Brief descriptive captions:

--- START ---

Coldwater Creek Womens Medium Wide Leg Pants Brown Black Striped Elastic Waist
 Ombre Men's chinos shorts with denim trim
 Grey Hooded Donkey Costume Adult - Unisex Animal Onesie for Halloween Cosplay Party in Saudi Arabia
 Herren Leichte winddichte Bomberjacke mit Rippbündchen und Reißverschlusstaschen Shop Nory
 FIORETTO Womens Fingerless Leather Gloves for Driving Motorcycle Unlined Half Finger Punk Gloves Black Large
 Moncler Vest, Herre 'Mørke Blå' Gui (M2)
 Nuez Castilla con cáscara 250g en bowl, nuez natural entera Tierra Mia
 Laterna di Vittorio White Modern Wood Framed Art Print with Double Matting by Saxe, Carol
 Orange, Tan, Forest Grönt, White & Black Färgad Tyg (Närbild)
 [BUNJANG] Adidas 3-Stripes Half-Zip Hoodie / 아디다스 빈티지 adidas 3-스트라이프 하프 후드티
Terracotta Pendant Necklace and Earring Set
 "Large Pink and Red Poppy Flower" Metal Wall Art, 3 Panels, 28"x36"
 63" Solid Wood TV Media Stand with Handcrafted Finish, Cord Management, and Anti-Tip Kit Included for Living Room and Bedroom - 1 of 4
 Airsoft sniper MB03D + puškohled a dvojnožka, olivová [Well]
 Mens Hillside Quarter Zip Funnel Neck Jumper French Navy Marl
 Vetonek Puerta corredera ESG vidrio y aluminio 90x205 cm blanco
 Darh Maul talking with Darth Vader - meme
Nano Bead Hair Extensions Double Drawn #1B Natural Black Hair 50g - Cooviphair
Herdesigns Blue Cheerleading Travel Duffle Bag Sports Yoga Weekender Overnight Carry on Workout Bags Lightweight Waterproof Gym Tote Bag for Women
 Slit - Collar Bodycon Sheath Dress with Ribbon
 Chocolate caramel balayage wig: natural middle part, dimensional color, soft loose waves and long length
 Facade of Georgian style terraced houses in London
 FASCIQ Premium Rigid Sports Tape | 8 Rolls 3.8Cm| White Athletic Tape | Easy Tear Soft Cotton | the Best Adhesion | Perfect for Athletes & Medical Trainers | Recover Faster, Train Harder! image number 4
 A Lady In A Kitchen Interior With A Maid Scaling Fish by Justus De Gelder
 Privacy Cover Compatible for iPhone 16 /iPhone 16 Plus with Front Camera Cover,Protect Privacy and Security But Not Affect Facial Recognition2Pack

--- END ---

- **The task**
When you reach the end of the data, retype all of it exactly.

- **Response box**
Coldwater Creek Womens Medium Wide Leg Pants Brown Black Striped Elastic Waist
 Ombre Men's chinos shorts with denim trim
 Grey Hooded Donkey Costume Adult - Unisex Animal Onesie for Halloween Cosplay Party in Saudi Arabia
 Herren Leichte winddichte Bomberjacke mit Rippbündchen und Reißverschlusstaschen Shop Nory
 FIORETTO Womens Fingerless Leather Gloves for Driving Motorcycle Unlined Half Finger Punk Gloves Black Large
 Moncler Vest, Herre 'Mørke Blå' Gui (M2)
 Nuez Castilla con cáscara 250g en bowl, nuez natural entera Tierra Mia
 Laterna di Vittorio White Modern Wood Framed Art Print with Double Matting by Saxe, Carol
 Orange, Tan, Forest Grönt, White & Black Färgad Tyg (Närbild)
 [BUNJANG] Adidas 3-Stripes Half-Zip Hoodie / 아디다스 빈티지 adidas 3-스트라이프 하프 후드티
Terracotta Pendant Necklace and Earring Set
 "Large Pink and Red Poppy Flower" Metal Wall Art, 3 Panels, 28"x36"
 63" Solid Wood TV Media Stand with Handcrafted Finish, Cord Management, and Anti-Tip Kit Included for Living Room and Bedroom - 1 of 4
 Airsoft sniper MB03D + puškohled a dvojnožka, olivová [Well]
 Mens Hillside Quarter Zip Funnel Neck Jumper French Navy Marl
 Vetonek Puerta corredera ESG vidrio y aluminio 90x205 cm blanco
 Darh Maul talking with Darth Vader - meme
Nano Bead Hair Extensions Double Drawn #1B Natural Black Hair 50g - Cooviphair
Herdesigns Blue Cheerleading Travel Duffle Bag Sports Yoga Weekender Overnight Carry on Workout Bags Lightweight Waterproof Gym Tote Bag for Women
 Slit - Collar Bodycon Sheath Dress with Ribbon
 Chocolate caramel balayage wig: natural middle part, dimensional color, soft loose waves and long length
 Facade of Georgian style terraced houses in London
 FASCIQ Premium Rigid Sports Tape | 8 Rolls 3.8Cm| White Athletic Tape | Easy Tear Soft Cotton | the Best Adhesion | Perfect for Athletes & Medical Trainers | Recover Faster, Train Harder! image number 4
 A Lady In A Kitchen Interior With A Maid Scaling Fish by Justus De Gelder
 Privacy Cover Compatible for iPhone 16 /iPhone 16 Plus with Front Camera Cover,Protect Privacy and Security But Not Affect Facial Recognition2Pack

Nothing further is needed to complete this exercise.